Conformément aux dispositions de l'article 455 du code de procédure civile, il est fait expressément référence aux écritures des parties susvisées quant à l'exposé détaillé de leurs prétentions et moyens respectifs.

L'ordonnance de clôture est intervenue le 20 juin 2023. L'affaire a été fixée à l'audience du 10 octobre 2023 et mise en délibéré au 8 décembre 2023, prorogé au 30 janvier 2023, puis au 8 mars 2023 par mise à disposition au greffe.

MOTIFS DE LA DECISION

A titre préliminaire, il est rappelé que :
- d’une part, en vertu de l’article 768 du Code de procédure civile, le tribunal ne statue que sur les prétentions énoncées au dispositif et n’examine les moyens au soutien de ces prétentions que s’ils sont invoqués dans la discussion,
- d’autre part, les demandes tendant à voir « constater » ou « dire et juger » ne constituent pas des prétentions au sens de l’article 4 de ce même code.

- Sur les vices cachés

Madame [Y] [X] expose que l'immeuble objet de la vente est affecté de désordres le rendant impropre à l'habitation et constituant des vices cachés ; que les deux expertises amiables ont constaté des taux d'humidité anormalement élevés ; que l'expert mandaté par la venderesse a conclu à la nécessité de traiter les murs extérieurs afin d'assurer une barrière hydrofuge empêchant les remontées capillaires, de doubler toutes les parties des murs de façade existant et d'installer une VMC conforme à la réglementation.

Elle affirme que la venderesse a fait procéder à des travaux avant la vente, dans le but de camoufler les traces d'humidité visibles par de l'enduit et de la peinture et qu'aucune trace d'humidité n'était visible lors de la vente ; que, toutefois, l'importance du taux d'humidité et l'apparition d'infiltrations et de taches d'humidité après la vente attestent de l'antériorité du vice à la vente.
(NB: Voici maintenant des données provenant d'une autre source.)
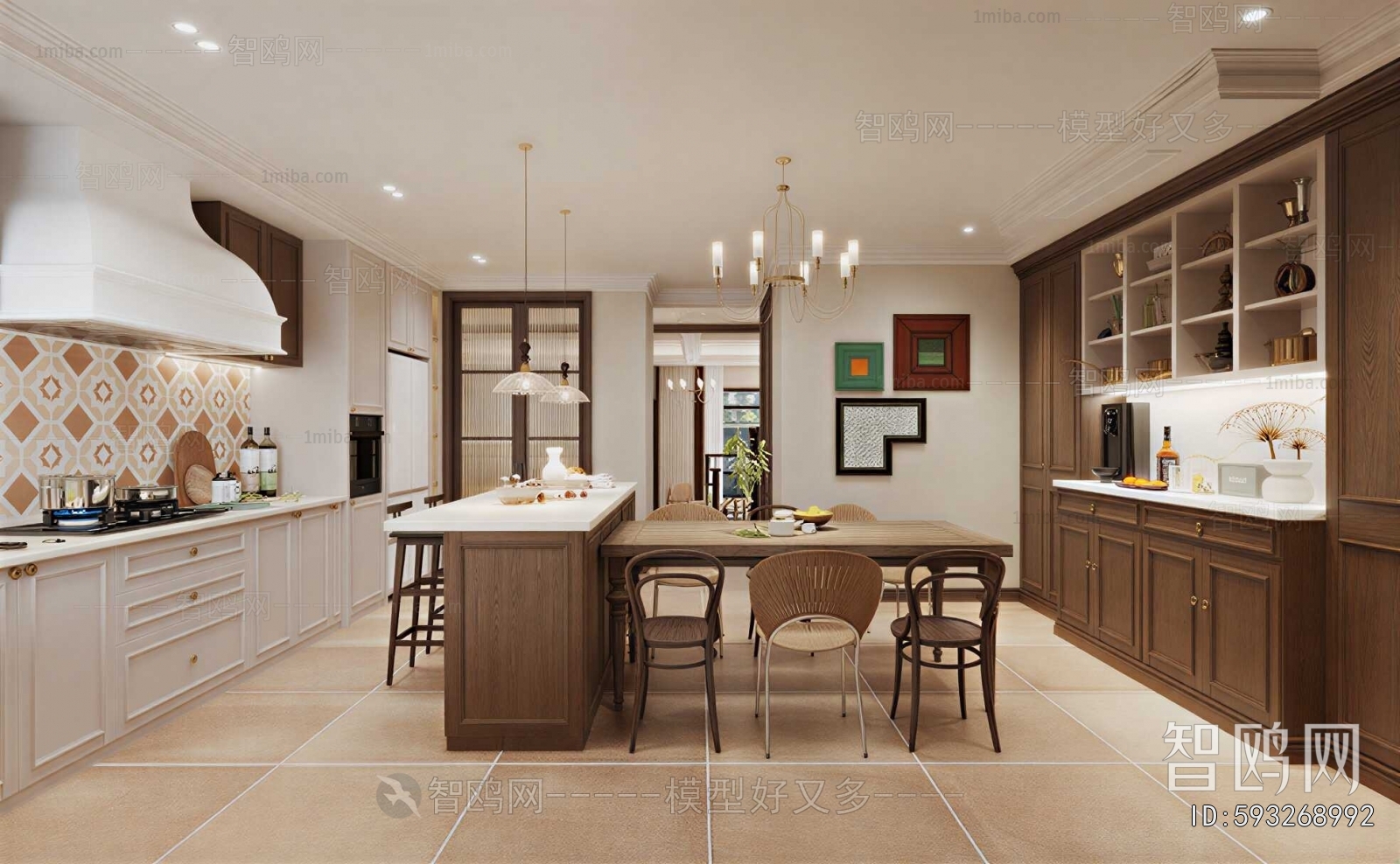 American Style Dining Room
Elle soutient que les travaux réalisés en octobre 2018 par la société GAH IMMOBILIER pour la somme de 2.970 euros HT n'ont pas permis de remédier aux désordres puisque, notamment, l'étanchéité des murs n'est pas assurée ; qu'ainsi, un relevé de l'humidité dans l'immeuble a été réalisé en octobre 2019, soit un an après les travaux, qui a permis de constater une persistance de l'humidité.

Elle produit un devis de travaux concernant l'étanchéité des murs, évalués à la somme de 30.515 euros HT.

La société GAH IMMOBILIER réplique que les vices allégués ne sont pas démontrés.

Elle constate que l'expert judiciaire n'a pas relevé d'humidité dans l'immeuble, hormis sous les meubles de la cuisine, où une fuite a été constatée.

Elle en déduit qu'il n'existe pas de désordres à l'intérieur de l'immeuble. Elle explique que les seules traces d'humidité ont été relevées à l'extérieur du logement, sur les parties communes qui n'appartiennent pas à Madame [Y] [X].

***
L'article 1641 du Code civil dispose que : « le vendeur est tenu de la garantie à raison des défauts cachés de la chose vendue qui la rendent impropre à l'usage auquel on la destine, ou qui diminuent tellement cet usage que l'acheteur ne l'aurait pas acquise, ou n'en aurait donné qu'un moindre prix, s'il les avait connus ».

Le vice caché se définit comme le défaut qui existait antérieurement à la vente, que l'acheteur ne pouvait déceler compte tenu de la nature de la chose vendue, et dont il n'a pas eu connaissance au moment de la vente.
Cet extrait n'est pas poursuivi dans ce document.